Hello, I have been trying to do gradient descent using a simple MNIST image and a RayTransform forward operator, however the 'OperatorAsModule' doesn't seem to be able to propogate backwards after having done it once. Following is an example:

import odl
from odl.contrib.torch import OperatorAsModule
import torch
from torch.autograd import Variable
from torch import optim
import torchvision
from torchvision import datasets, transforms

trafo = transforms.Compose([transforms.ToTensor()])
dset_train = datasets.MNIST('./', train=True, download=True, transform=trafo)
train_loader = torch.utils.data.DataLoader(dset_train, batch_size=50, shuffle=True)

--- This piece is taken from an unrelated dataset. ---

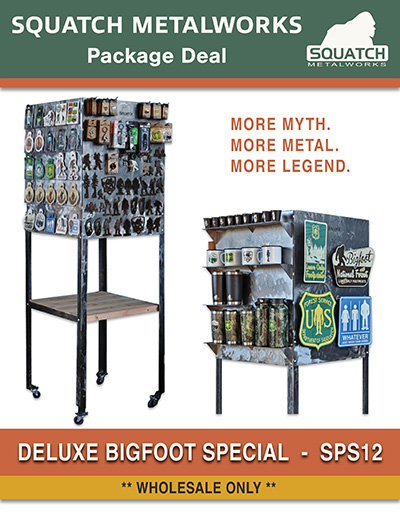 SMW - Package Deal - Deluxe Edition - Paracay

space = odl.uniform_discr([-14, -14], [14, 14], [28, 28], dtype='float32')
geometry = odl.tomo.parallel_beam_geometry(space, num_angles=5)
fwd_op = odl.tomo.RayTransform(space, geometry)
fbp_op = odl.tomo.fbp_op(fwd_op)
fwd_op_mod = OperatorAsModule(fwd_op)
fbp_op_mod = OperatorAsModule(fbp_op)

def generate_data(images):
    torch.manual_seed(123)
    data = fwd_op_mod(images)
    data += Variable(torch.randn(data.shape)).type_as(data)
    return data
def f(output):
    yield output
for i, (images, _) in enumerate(test_loader):
    if i == 1:
        break

test_data=generate_data(Variable(images))
guess=fbp_op_mod(test_data)[0:1,0:1].clone()
truth=Variable(images)[0:1,0:1]

guess=torch.nn.Parameter(guess)
optimizer = optim.SGD(f(guess), lr=1e-2)
i=0
while(i<200):
    optimizer.zero_grad()
    i+=1
    loss=torch.dist(fwd_op_mod(guess),test_data,p=2)
    print(loss.item())
    loss.backward()
    print(guess.grad)
    optimizer.step()

After 1 loop it is no longer able to produce a gradient. However adding

    fwd_op_mod = OperatorAsModule(fwd_op)

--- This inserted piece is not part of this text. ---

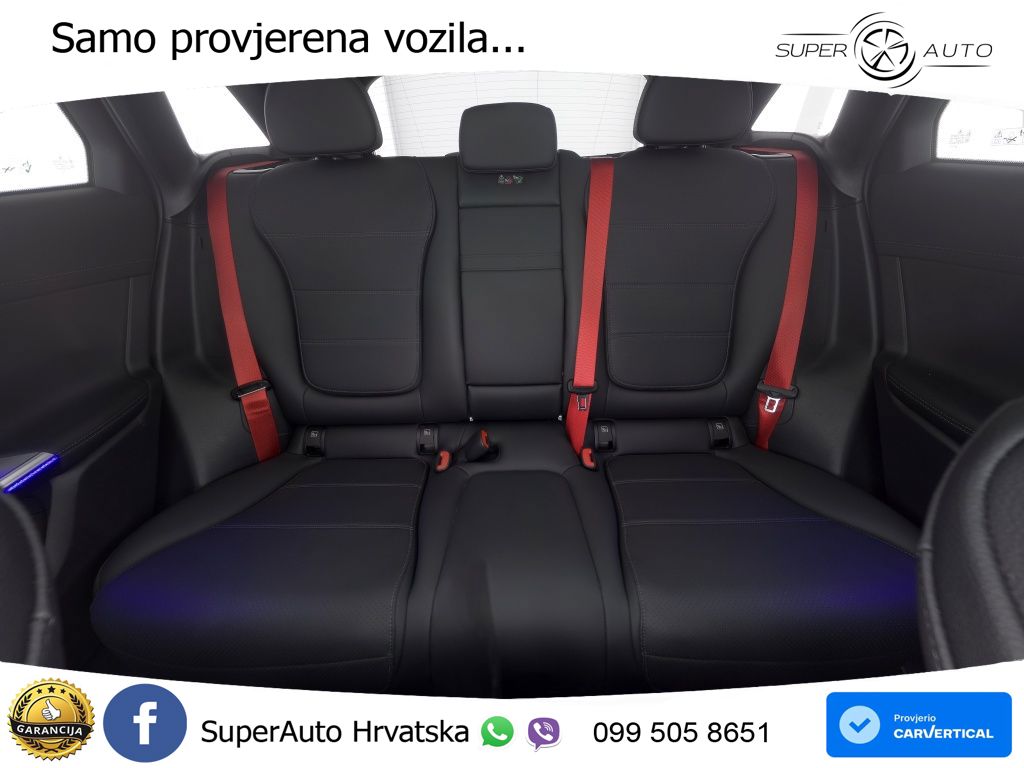 Mercedes GLC 400e (381 KS) 4MATIC 9G-TRONIC AMG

inside the loop fixes the problem and the gradient exists. And it is able to do gradient descent successfully. I have tried using different optimizers/instead of using optimizers just using torch.autograd itself, but the issue seems to arise nonetheless.

Unless there is an issue with the way I handle things, it seems that after 1 forward pass through the module, it can no longer produce gradients, i.e. if I do

    fwd_op_mod(guess)

before the loop, the gradient stays at None.

I use odl 0.7.0, torch 1.1.0, astra 1.8.3 Plase let me know, if there is any extra information required.

kohr-h commented 5 years ago

Hey @Zakobian, sorry for the delay. I recently noticed that I had gotten the torch API slightly backwards the first time. In fact the torch documentation says that an autograd.Function can only be used once (for graph building), so that may be the issue that you encounter.

There's an open PR #1516 with a better API (and updated examples) where the torch API is used correctly. It will likely be merged soon, but if you want to give it a try, just check out my torch_better_api branch.